↓

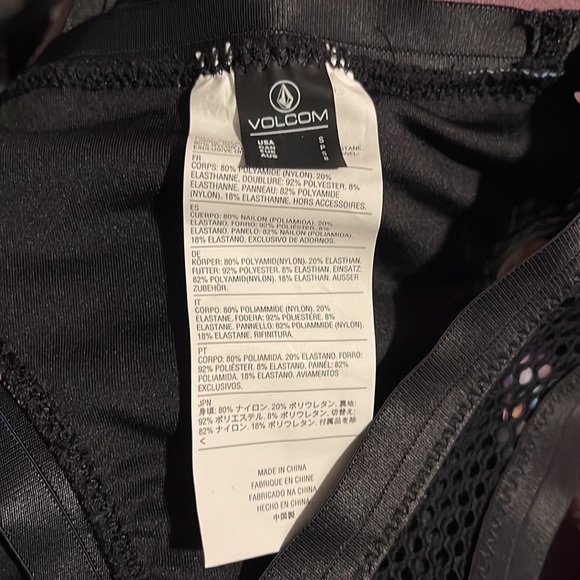 Volcom Bikini Set - Picture 4 of 4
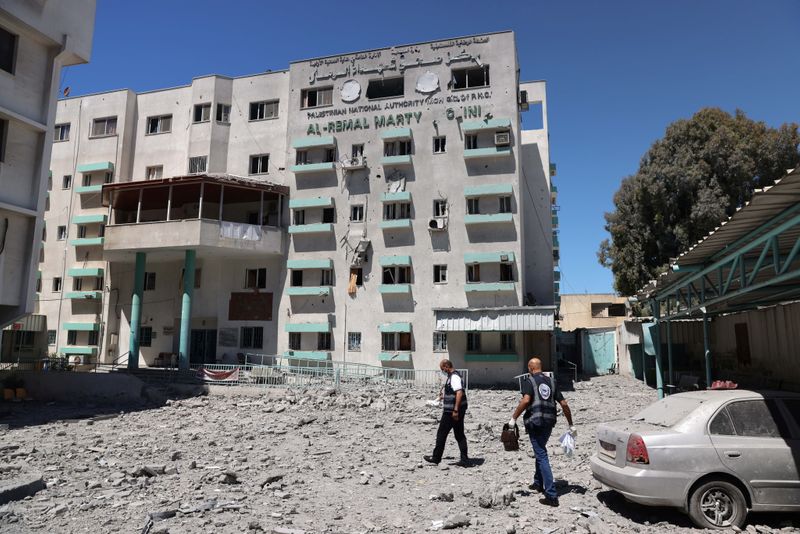 &copy; Reuters. Médicos palestinos caminham na sede do Ministério da Saúde destruída após ataques aéreos israelenses em Gaza
19/05/2021 REUTERS/Mohammed Salem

↑

__Work to be completed__
All of the lines above must be printed again exactly, and no picture may appear in the copy.

__Task answer__
 Volcom Bikini Set - Picture 4 of 4
 &copy; Reuters. Médicos palestinos caminham na sede do Ministério da Saúde destruída após ataques aéreos israelenses em Gaza
19/05/2021 REUTERS/Mohammed Salem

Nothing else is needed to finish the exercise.